Canfield city won't have charter amendment on November ballot



Resident Frank Micchia will not challenge city officials on not submitting his charter amendment.

The deadline for charter - amendment submissions in Mahoning County is 4 p.m. today.

City officials had raised legal issues with Micchia’s charter amendment, which sought to make the city- manager position a two-year elected term.

“At this point, I’m not going to challenge it. There’s not a whole lot I can do,” Micchia said. “I’m looking at trying to correct the alleged mistakes and take it from there.”

He further said, “I’m looking at alternatives so that it can be presented to the people again.”

Micchia collected 520 signatures for the city manager charter amendment. Mahoning County Board of Elections officials have said Micchia needed 252 signatures, which is 10 percent of the voter turnout in the 2013 general election.

“It would be most prudent for him to do it in that manner and follow the Ohio Revised Code,” said Joe Warino, current city manager.

Warino also said that over the past few weeks he hasn’t received calls or questions from residents on the proposed charter amendment. “I get the same thing that we heard from the income tax [vote in August], which is no one is interested in asking questions,” he said.

Canfield city attorney Mark Fortunato wrote a legal opinion for the city and city council that explained what he found issue with in Micchia’s submission. The main issue was that it doesn’t provide a title, which Fortunato has called “a fatal defect.”
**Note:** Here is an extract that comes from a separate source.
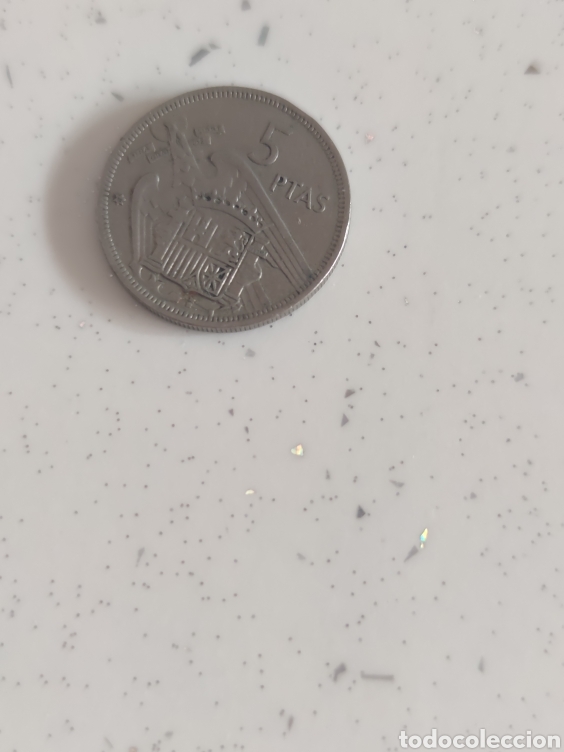 Monedas Franco: cinco pesetas de Franco - Foto 3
Fortunato also said that if the charter amendment were to pass, there were six to seven other inconsistencies within the charter amendment.

Micchia sought to make the city manager an elected position, with two-year terms, no term limit, no requirement for residency in the city and that council would “fix the compensation” for the role.

Micchia, a frequent speaker at Canfield City Council meetings, wasn’t surprised that the city opposed another one of his initiatives. He spearheaded previous charter amendments that were approved by voters, such as term limits on city council.

“The city administration did not want to see it on the ballot, and they conjured up these illegal irregularities to keep it off the ballot,” Micchia said. “I don’t think it speaks well for the city founders because they are ignoring the 520 people that signed the petition to get this on the ballot.”